SON DAKİKA
SON DEPREMLER

'Eşler de Başkan Seçmeli'

A- A+ PAYLAŞ

Malatya İl Müftülüğü tarafından, Kutlu Doğum Haftası etkinlikleri çerçevesinde düzenlenen ve İnönü Üniversitesi İlahiyat Fakültesi Dekanı Prof. Dr. Cem Zorlu'nun konuşmacı olarak katıldığı "Aile Bireylerinin Karşılıklı Hak ve Görevleri" konulu konferans ilgi gördü.

KONFERANS..
Malatya Belediyesi Konferans Salonunda gerçekleşen konferansa Malatya Belediye Başkanı Ahmet Çakır, İnönü Üniversitesi Rektörü Prof. Dr. Cemil Çelik, İl Müftüsü Mehmet Sönmezoğlu ile birlikte çok sayıda davetli katıldı.

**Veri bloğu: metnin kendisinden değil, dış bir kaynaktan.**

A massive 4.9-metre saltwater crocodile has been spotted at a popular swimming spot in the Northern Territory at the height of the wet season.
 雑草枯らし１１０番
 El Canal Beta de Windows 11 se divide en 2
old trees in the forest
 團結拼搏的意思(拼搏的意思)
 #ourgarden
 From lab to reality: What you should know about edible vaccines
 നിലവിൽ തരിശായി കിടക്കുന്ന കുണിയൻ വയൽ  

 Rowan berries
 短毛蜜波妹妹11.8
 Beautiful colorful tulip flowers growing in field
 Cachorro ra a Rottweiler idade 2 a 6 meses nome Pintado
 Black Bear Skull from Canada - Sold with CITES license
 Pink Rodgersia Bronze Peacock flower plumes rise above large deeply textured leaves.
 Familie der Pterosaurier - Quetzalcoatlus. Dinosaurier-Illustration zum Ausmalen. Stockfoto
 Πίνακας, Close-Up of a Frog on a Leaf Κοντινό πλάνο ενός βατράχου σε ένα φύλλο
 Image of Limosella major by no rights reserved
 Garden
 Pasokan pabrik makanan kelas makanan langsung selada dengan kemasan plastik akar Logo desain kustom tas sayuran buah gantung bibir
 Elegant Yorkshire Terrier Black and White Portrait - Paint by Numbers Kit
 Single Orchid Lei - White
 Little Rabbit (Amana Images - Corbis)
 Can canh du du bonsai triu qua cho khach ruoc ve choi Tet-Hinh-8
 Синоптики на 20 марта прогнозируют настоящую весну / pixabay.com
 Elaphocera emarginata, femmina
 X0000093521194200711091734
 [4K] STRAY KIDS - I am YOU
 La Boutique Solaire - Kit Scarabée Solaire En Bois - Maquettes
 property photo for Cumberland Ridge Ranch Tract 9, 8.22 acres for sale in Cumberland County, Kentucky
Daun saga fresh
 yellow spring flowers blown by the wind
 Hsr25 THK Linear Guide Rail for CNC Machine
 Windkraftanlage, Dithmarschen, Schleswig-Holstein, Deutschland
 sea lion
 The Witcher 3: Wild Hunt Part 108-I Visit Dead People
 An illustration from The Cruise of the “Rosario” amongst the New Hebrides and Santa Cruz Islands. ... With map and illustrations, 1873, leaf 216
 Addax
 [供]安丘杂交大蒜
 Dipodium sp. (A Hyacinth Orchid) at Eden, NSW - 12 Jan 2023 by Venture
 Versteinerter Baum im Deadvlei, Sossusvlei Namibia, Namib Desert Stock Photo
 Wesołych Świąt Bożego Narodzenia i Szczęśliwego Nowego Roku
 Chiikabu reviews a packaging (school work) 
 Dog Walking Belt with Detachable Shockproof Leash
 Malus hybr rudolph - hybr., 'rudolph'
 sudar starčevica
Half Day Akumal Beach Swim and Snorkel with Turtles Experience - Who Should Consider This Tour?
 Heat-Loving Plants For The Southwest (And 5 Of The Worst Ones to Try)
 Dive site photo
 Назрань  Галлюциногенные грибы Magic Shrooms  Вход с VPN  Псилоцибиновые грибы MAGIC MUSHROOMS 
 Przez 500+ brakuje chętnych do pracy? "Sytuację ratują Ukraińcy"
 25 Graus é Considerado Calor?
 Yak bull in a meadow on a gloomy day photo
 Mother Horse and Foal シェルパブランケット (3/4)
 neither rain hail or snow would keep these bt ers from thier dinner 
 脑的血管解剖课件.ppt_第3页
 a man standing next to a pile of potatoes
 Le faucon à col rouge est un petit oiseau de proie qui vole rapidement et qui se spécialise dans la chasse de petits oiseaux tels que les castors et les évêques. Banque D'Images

Konferans öncesi konuşma yapan İl Müftüsü Mehmet Sönmezoğlu, "İlahi vahyin son ve tamamlayıcı halkası İslam'ın ve onun peygamberi Hz. Muhammed'in insanlığa çağrısını doğru ve etkin bir şekilde tanıtmak, Hz. Peygamber sevgisi etrafında toplumumuza birlik ve beraberlik mesajları sunmak amacıyla Diyanet İşleri Başkanlığımız, Türkiye Diyanet Vakfımızın ve halkımız tarafından ülkemizde ve yurt dışında 1989 yılından bu yana Kutlu Doğum Haftası programları düzenleniyor. Hz. Peygamberi örnek almak demek tarihe gitmek ve gömülmek değil, O büyük şahsiyeti tanımak ve sevmek, onun insanlığın huzur ve mutluluğu için yaptığı çağrıyı güncelleştirerek hayatımıza yansıtmak, onun ahlakını ve çizgisini davranışlarımızın mihveri ve rehberi yapabilmek demektir" dedi.

Malatya Belediye Başkanı Ahmet Çakır da "Halkımız o kadar Hz. Muhammed (SAV) ile bütünleşmiş ki, erkek çocuklarına Muhammed, Ahmed, Mustafa isimlerini; kız çocuklarına da içerisinde gül bulunan isimleri vermektedirler. Asker ocağına Mehmetçik denilmesi de bu sevgiden dolayıdır" dedi.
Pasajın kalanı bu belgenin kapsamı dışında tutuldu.